Cette semaine, le parlement irlandais a condamné l’émeute, reflétant par la même le sentiment populaire. Comme souvent en Irlande, lorsque sont évoqués les termes immigration ou encore extrême droite, le débat se déroule dans le vide. Au lieu d’être considérée comme un acteur politique actif, le spectre de l’extrême droite semble planer sur les débats comme une force menaçante ; tout tourne autour d’elle, tout le monde la déteste et la craint, mais personne ne la connaît, ne l’a vue, ni n’a rencontré quelqu’un qui la soutienne.
En Irlande, il n’existe de pas d’équivalent au trumpisme, ni aucun élu, parti ou média portant la voix des émeutiers ou celle des laissés pour compte. Aucune partie substantielle de la population ne perçoit ces émeutes comme un soulèvement populaire. Les émeutiers sont plutôt perçus comme des ‘’sales ordures’’ prêtes à tout. Il s’agit là d’une opinion répandue, et pas seulement dans la presse ou parmi certaines élites urbaines déracinées.
Sera-t-il possible de séparer les émeutes en deux éléments, la violence et la politique ? Comme souvent dans les petits pays géographiquement marginaux, pour des raisons purement pratiques le consensus est une valeur sacrée. Pas de vagues !
Cela ne signifie pas qu’une variante du populisme de droite ne puisse un jour conquérir le pouvoir en Irlande, ou du moins peser suffisamment pour influencer l’orientation du pays. L’un des résultats les plus décisifs de l’histoire irlandaise, le référendum de 2004 visant à supprimer le droit du sol, en est la preuve.
Le facteur le plus déterminant qui garantirait, au cours de la prochaine décennie, l’émergence d’un puissant parti populiste de droite au pouvoir qui, à l’instar du Danemark, adopterait un régime d’immigration réellement strict, est celui de la démographie.
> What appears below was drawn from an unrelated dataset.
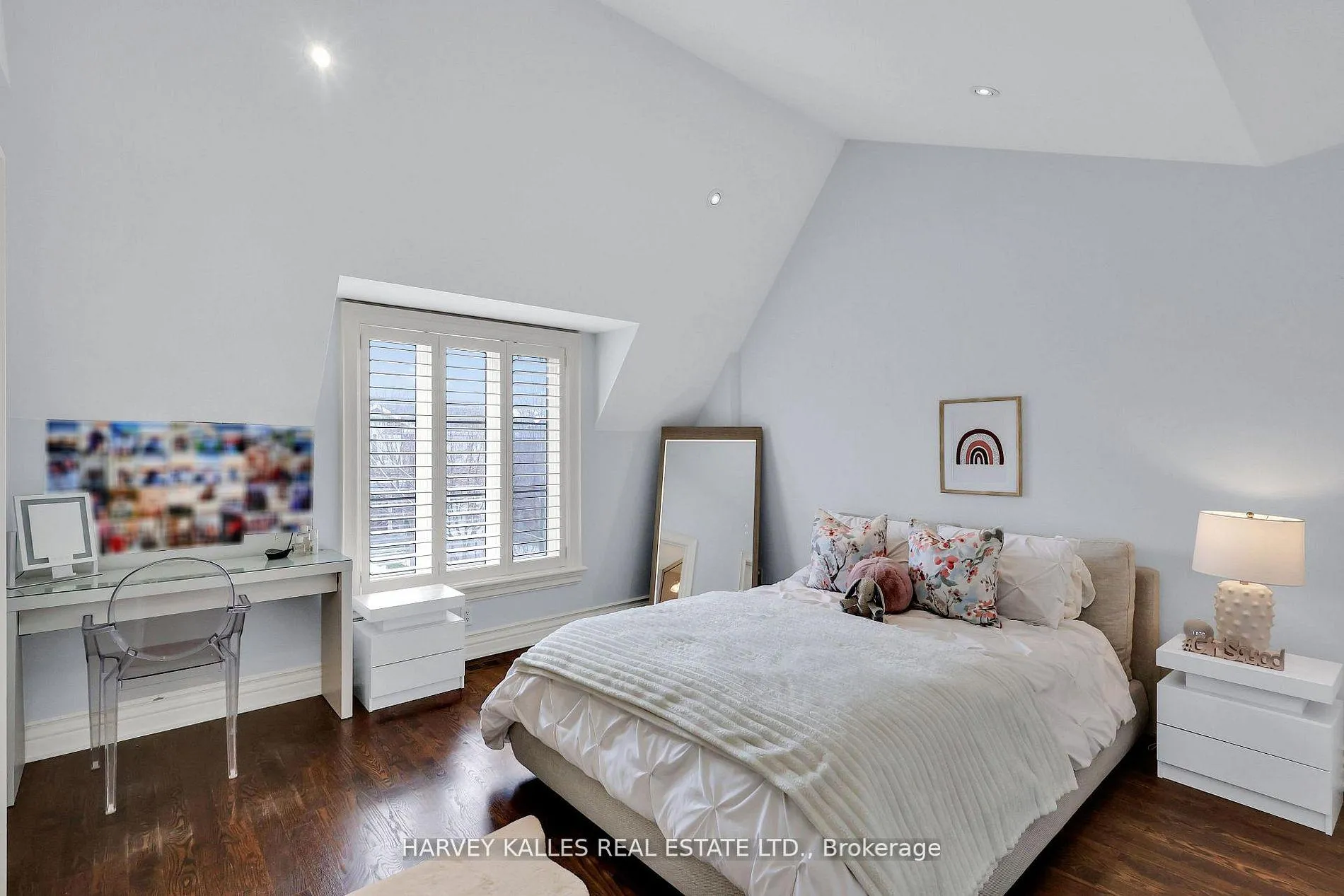 Photo 26 of 76 Dunblaine Avenue, Toronto, Bedford Park-Nortown — HOMEH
L’Irlande a, en pleine crise du logement, vu sa population augmenter de 2 % l’an dernier ; d’après le dernier recensement, environ 20 % de la population irlandaise est née à l’étranger. Il ne s’agit plus pour le peuple irlandais d’être seulement pour ou contre l’immigration : il paraît simplement impossible de traverser des changements démographiques d’une telle ampleur, les plus importants depuis la famine irlandaise, et d’espérer que l’opposition soit totalement exclue de la vie politique et des médias. Le changement est trop profond pour que la dissidence ne finisse pas par éclater. La seule question est de savoir quand, et sous quelle forme, cela se produira.
Il est possible que l’un des trois plus grands partis (Fianna Fáil, Fine Gael ou Sinn Féin) amorce un changement de cap politique. Ce changement ne serait pas motivé par la conviction que les émeutiers ou leurs partisans aient raison, mais par la prise de conscience du fait qu’un tel sentiment refoulé quant au changement démographique contribue à déformer le discours national et à créer des psychoses, ce qui nuirait au statu quo, et que le bon moyen de le contrôler serait de parvenir à le réintégrer au système.
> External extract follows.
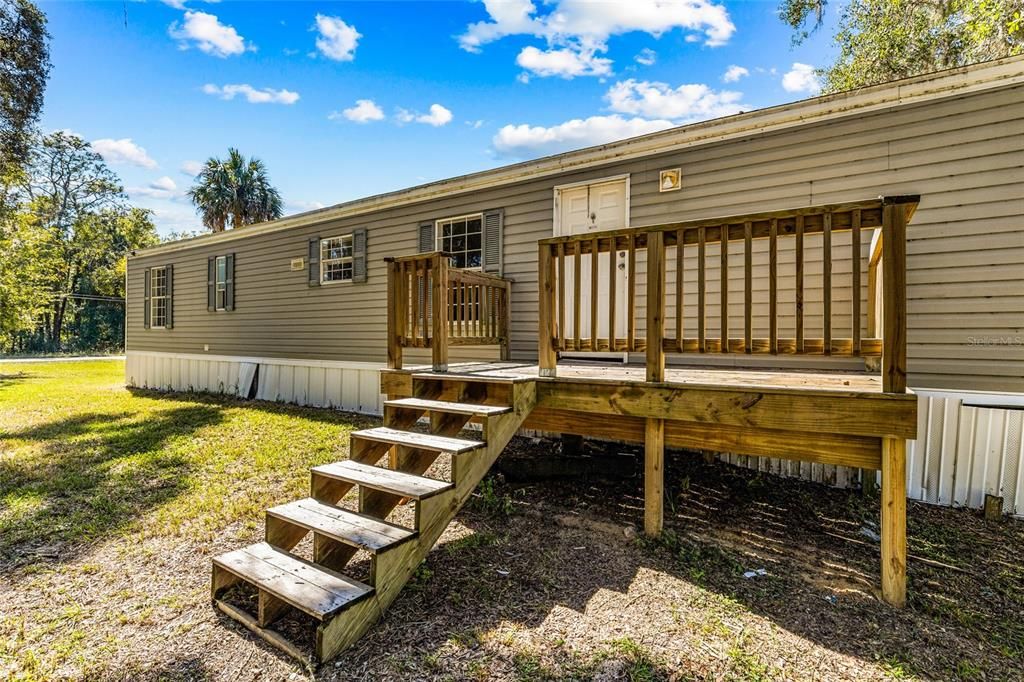 For Sale: $99,900 (2 beds, 1 baths, 728 Square Feet)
Dans le cas où l’opposition resterait en dehors du système, elle ne survivrait pas sans une personnalité extérieure suffisamment légitime pour l’incarner et la piloter. Conor McGregor serait précisément ce genre d’incarnation, mais le soutien dont il bénéficie auprès du grand public irlandais reste incertain. Il a également tenus des propos sur X, pouvant être perçus comme incendiaires et nuire à son ascension politique.
Les émeutes, et le rôle de McGregor, ont fait couler beaucoup d’encre car elles semblent constituer un événement historique. Il se pourrait que ce ne soit plus le cas dans un an si des événements similaires se répètent, ce qui est largement possible. La perception actuelle du système est celle de sinistres fauteurs de troubles, s’agitant mutuellement sur les réseaux sociaux et contaminant les autres.
Dans ce cas, la solution privilégiée par le système politique – poursuivre pour propos haineux quiconque se réclamant des émeutiers – fonctionnera.